● Assignment
What is needed is the exact text of each line in the listing below from the one with "مراسم عزاداری وفات" up to and including the one with "女子会や家族の集まり、会社の", and no pictures.

● Information supplied

━━━

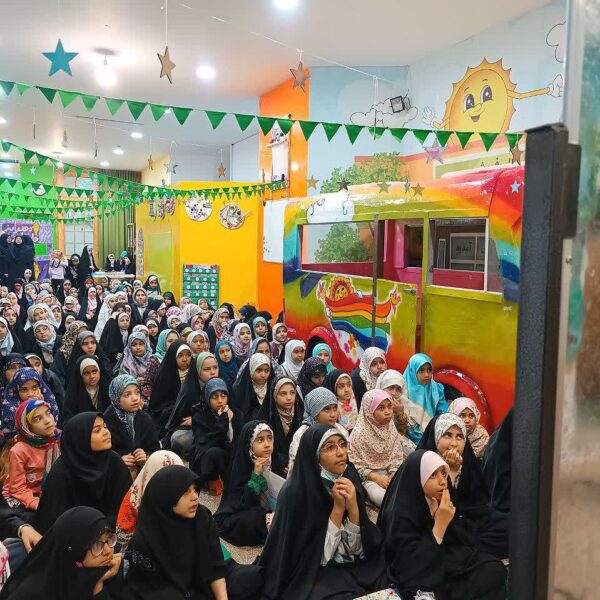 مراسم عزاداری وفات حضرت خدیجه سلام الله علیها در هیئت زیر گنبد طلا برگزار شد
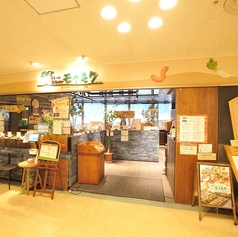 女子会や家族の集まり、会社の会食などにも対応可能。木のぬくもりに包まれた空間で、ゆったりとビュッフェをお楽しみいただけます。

━━━

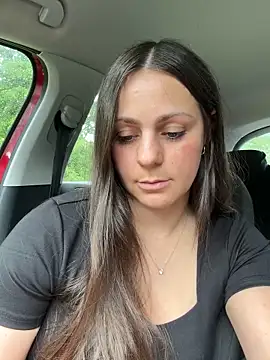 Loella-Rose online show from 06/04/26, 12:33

━━━

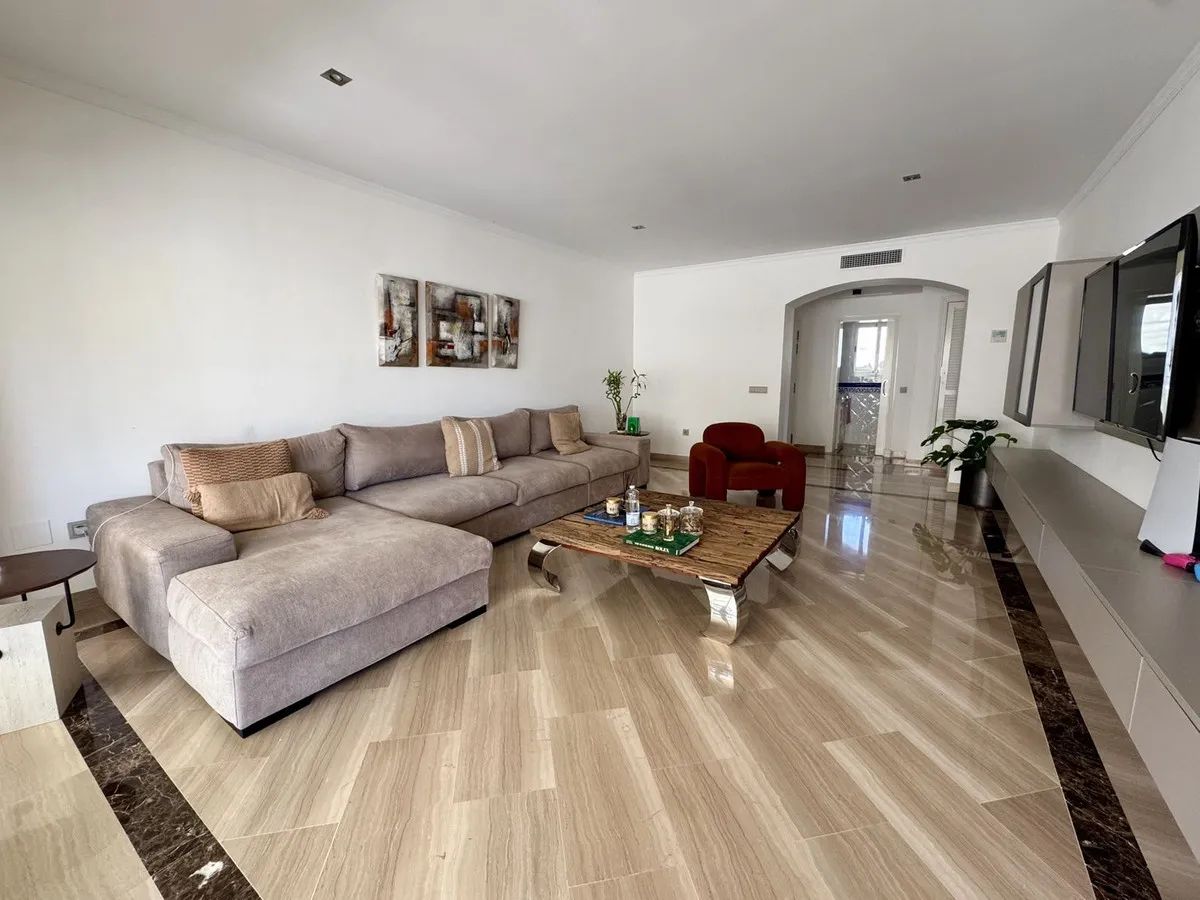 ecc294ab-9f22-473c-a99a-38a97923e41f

━━━

● Output
 مراسم عزاداری وفات حضرت خدیجه سلام الله علیها در هیئت زیر گنبد طلا برگزار شد
 女子会や家族の集まり、会社の会食などにも対応可能。木のぬくもりに包まれた空間で、ゆったりとビュッフェをお楽しみいただけます。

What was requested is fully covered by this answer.